The addition of even more success criteria to the W3C’s website accessibility guidelines is likely to cause frustration and confusion for businesses and state and local governments presently struggling to meet one of the earlier versions of WCAG.  A recent report to Congress found that many federal agencies required to comply with Levels A and AA success criteria of WCAG 2.0 (“WCAG 2.0 AA”) are not in conformance.  In fact, WCAG 2.0 AA is the only version of WCAG mandated by any federal law.  Those federal laws specify that federal agencies, providers of health care programs and services that receive federal financial assistance, and airline carriers must have websites that conform to WCAG 2.0 AA.  And in recent proposed regulations for state and local government websites, the Department of Justice (DOJ) proposed to adopt Levels A and AA success criteria of WCAG Version 2.1 (“WCAG 2.1 AA”) as the accessibility standard. 

What are these nine new success criteria?

  1. 2.4.11 Focus Not Obscured – Minimum (Level AA): This criterion benefits individuals with mobility or other disabilities who rely on a keyboard interface and need to be able to see on the screen where the keyboard is “focused”.  It requires that the focus indicator on a button or link (usually indicated by an outline around the button/link) not be entirely hidden by a pop-up or any other floating content on the page.
  2. 2.4.12 Focus Not Obscured – Enhanced (Level AAA):  This criterion is similar to its AA counterpart (2.4.11 above), except that the “enhanced” Level AAA version would require that the focus indicator on an interactive control be wholly unobscured by any pop-up or other floating content on the page.
  3. 2.4.13 Focus Appearance (Level AAA): This criterion, designed for individuals with disabilities who rely on a keyboard interface (including those with low vision), is a technical standard for what the focus indicator outline should look like. 
  4. 2.5.7 Dragging Movements (Level AA):  This criterion benefits individuals with manual dexterity disabilities.  It requires that for any action that involves dragging movements, the website must also provide a simpler alternative way to complete that action that does not require dragging movements.  There is an exception, however, for dragging functionality that is essential to a website.
  5. 2.5.8 Target Size – Minimum (Level AA):  This criterion benefits individuals with motor disabilities and provides a general minimum size for clickable elements on a webpage, such as links and buttons.
  6. 3.2.6 Consistent Help (Level A):  This criterion benefits screen reader users (who are typically blind or have other vision-related disabilities).  It requires that any help functionality provided on a website be located in the same place across all pages of the site, so that it is easy to find. 
  7. 3.3.7 Redundant Entry (Level A):  This criterion, designed to benefit those with cognitive or memory related disabilities, requires that any information previously entered by the user on a website that is required to be entered again in the same process be either (a) auto-populated on the website or (b) available for the user to select again.   
  8. 3.3.8 Accessible Authentication (Minimum) (Level AA):  This criterion benefits individuals with cognitive disabilities and prohibits websites from requiring users to complete cognitive function tests during the authentication process, subject to four exceptions. 
  9. 3.3.9 Accessible Authentication (Enhanced) (Level AAA):  This criterion is the same as its AA counterpart (3.3.8 above), except that it removes two out of the four exceptions to the rule against requiring cognitive function tests (no exceptions for “object recognition” and “personal content”).
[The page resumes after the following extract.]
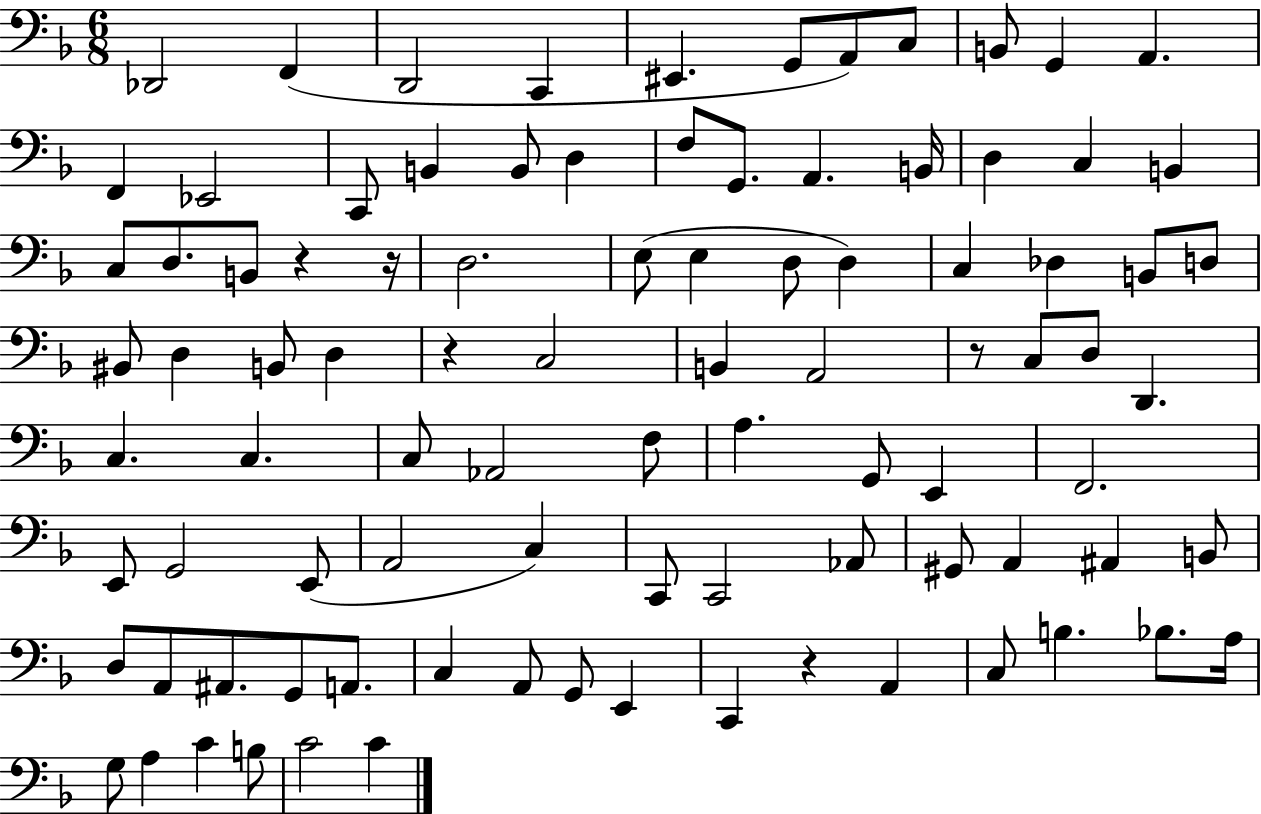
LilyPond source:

Should businesses meet these new success criteria?  We think businesses should prioritize getting to and maintaining substantial conformance with WCAG 2.1 AA because WCAG 2.1 AA was just proposed for state and local government websites by the DOJ a few months ago, and all federal agency websites are only required by law to meet the less demanding WCAG 2.0 AA.  Plus, the W3C already has a working draft of WCAG 3.0 which the W3C describes as an entirely “new model” with “many differences” from WCAG 2.  In short, WCAG 2.2 could be outdated in a few years. 

The W3C’s changes to its website accessibility guidelines shines the light on the need for the DOJ to exercise its own judgment in determining which success criteria should be adopted as legal requirements applying to the websites of private businesses and state and local governments.  The process of making and maintaining an accessible website requires a substantial investment of both money and human capital.  Businesses and state/local governments should not have to deal with a moving target, especially one set by an entity that is not accountable to Congress or any Executive agency and has no statutory authority to issue any legal standards under the ADA. 

By: Kristina Launey and Minh Vu

Seyfarth Synopsis: The Sixth Circuit Court of Appeals approved state-owned hospital’s exclusion of nursing student’s service animal that posed a direct threat to patients and staff with severe allergies where no reasonable alternatives existed to mitigate the threat.

The Sixth Circuit Court of Appeals recently issued a decision in Bennett v. Hurley Med. Ctr. concerning the use of a service animal in a state-owned hospital under Title II of the ADA that provides useful guidance on how health care facilities should assess whether a service animal poses a direct threat to the health and safety of others. This decision is also relevant for private health care facilities because the direct threat analysis is the same under Title III of the ADA.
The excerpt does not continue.